*** Block opens ***

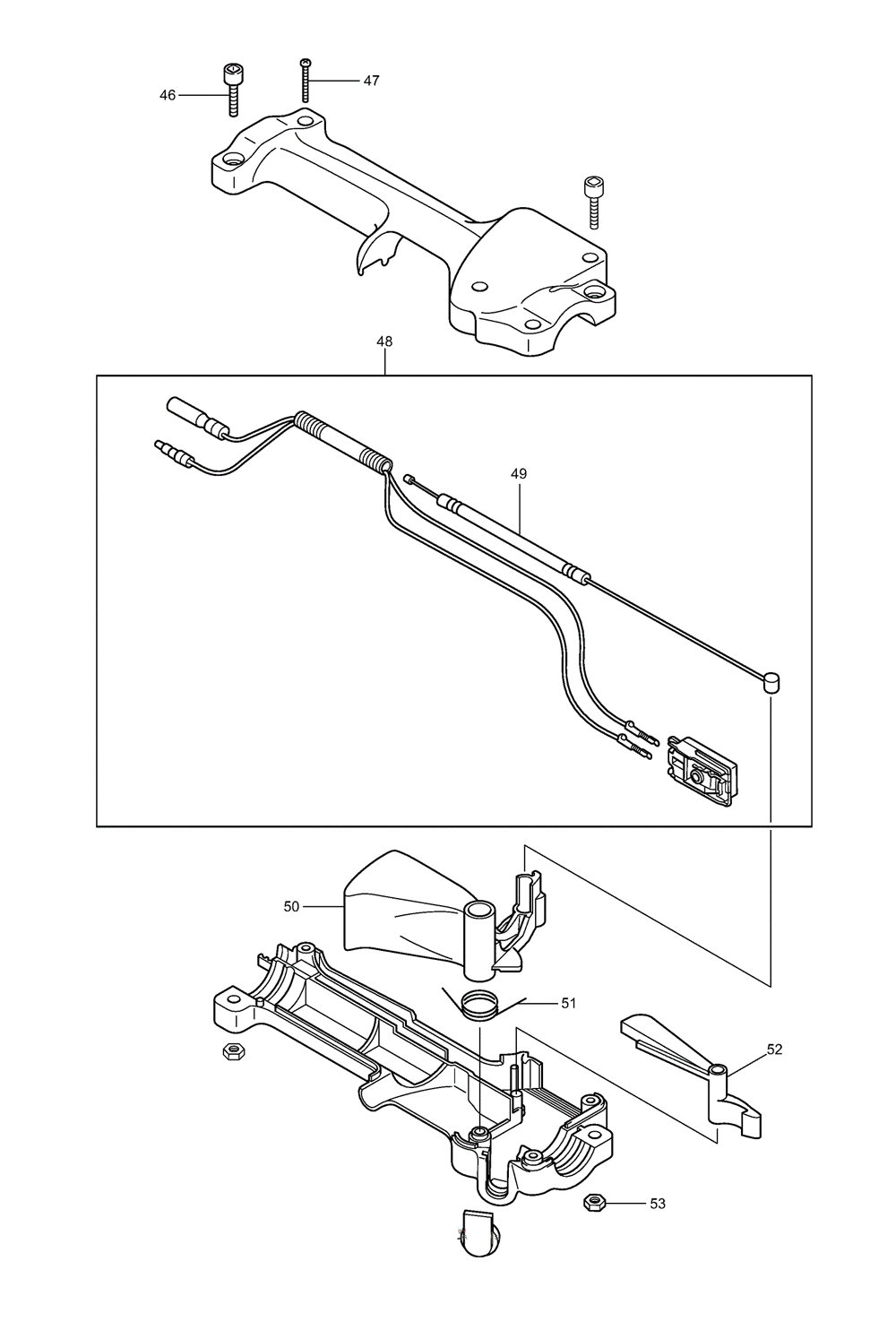 Fig-1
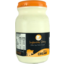 Photo of Inglenook Dairy Cream
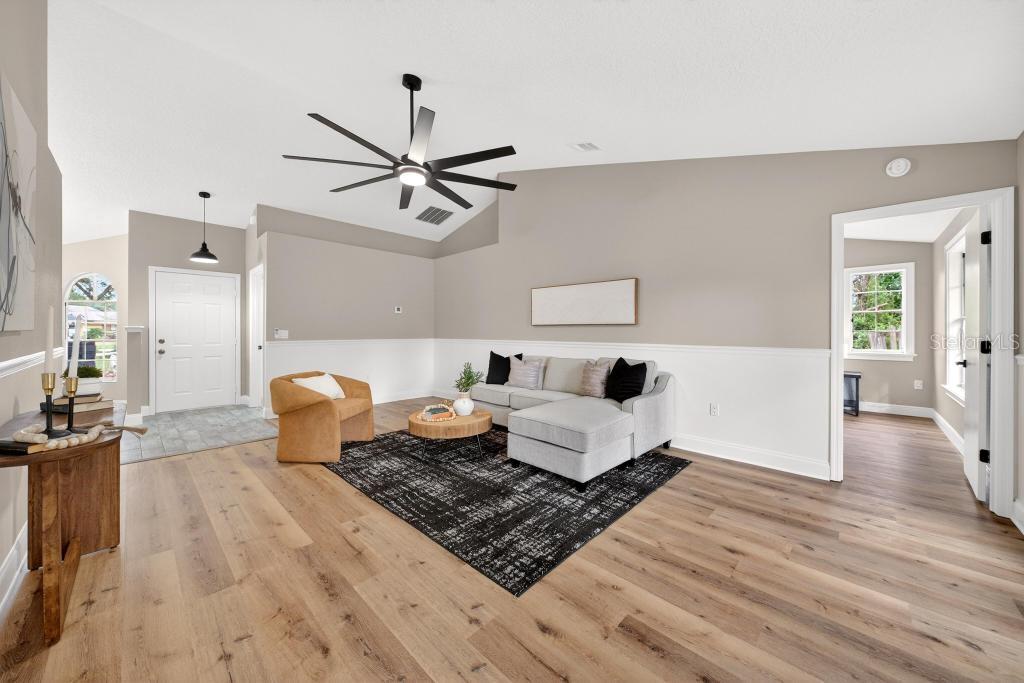 Image 30 of 84 For 201 Sterling Rose Court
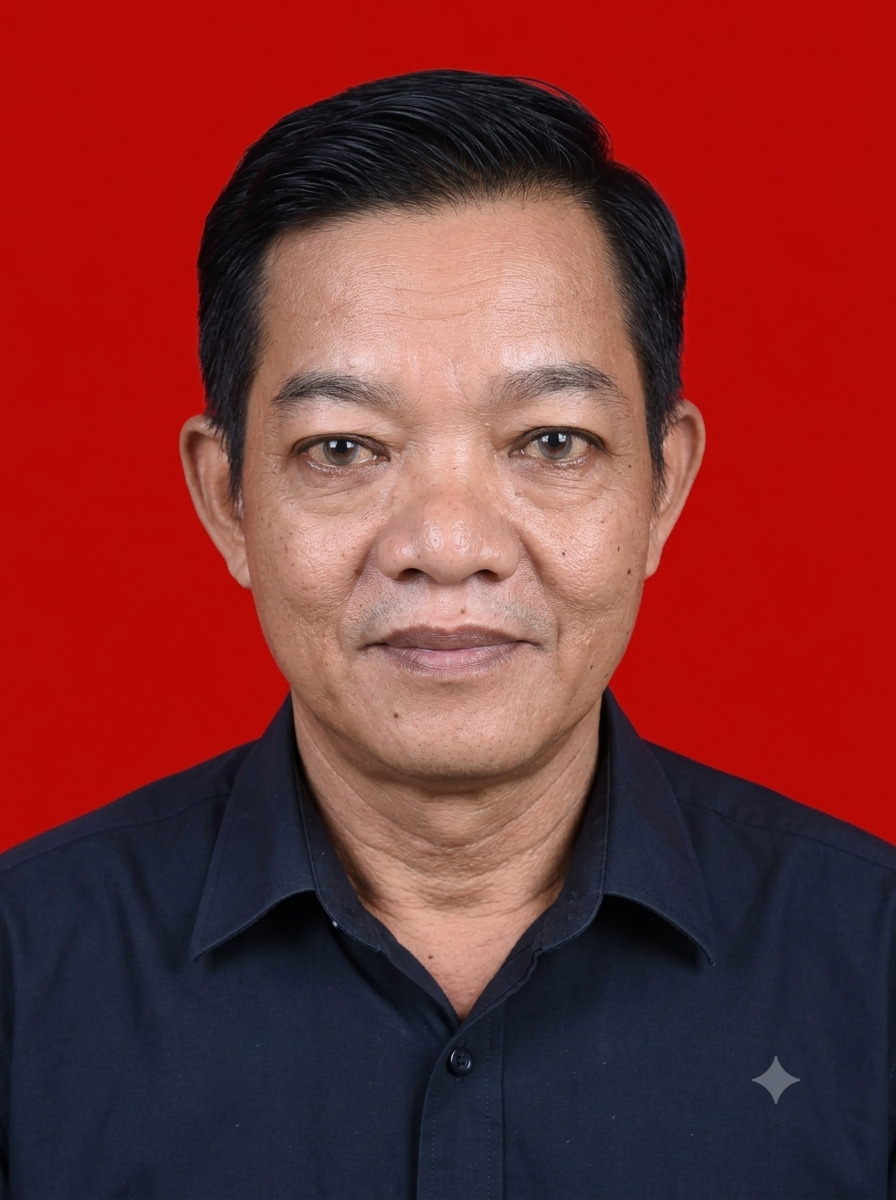 Foto Farisi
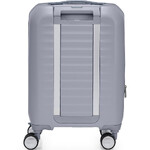 American Tourister Frontec Small/Cabin 14.1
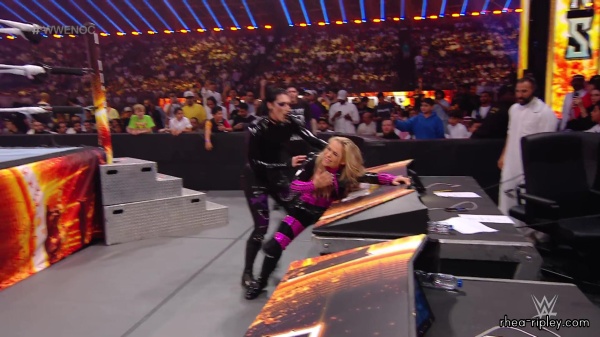 WWE_Night_Of_Champion_2023_Natalya_vs_Rhea_0970.jpg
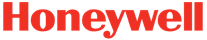 HONEYWELL logo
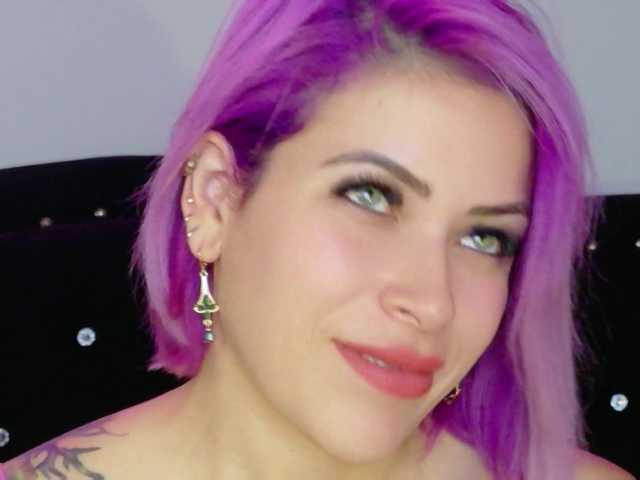 Ivypoison10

*** Block closes ***

→ Your assignment:
Copy the entries character for character, excluding any pictures.

→ Your solution:
 Fig-1
 Photo of Inglenook Dairy Cream
 Image 30 of 84 For 201 Sterling Rose Court
 Foto Farisi
 American Tourister Frontec Small/Cabin 14.1
 WWE_Night_Of_Champion_2023_Natalya_vs_Rhea_0970.jpg
 HONEYWELL logo
 Ivypoison10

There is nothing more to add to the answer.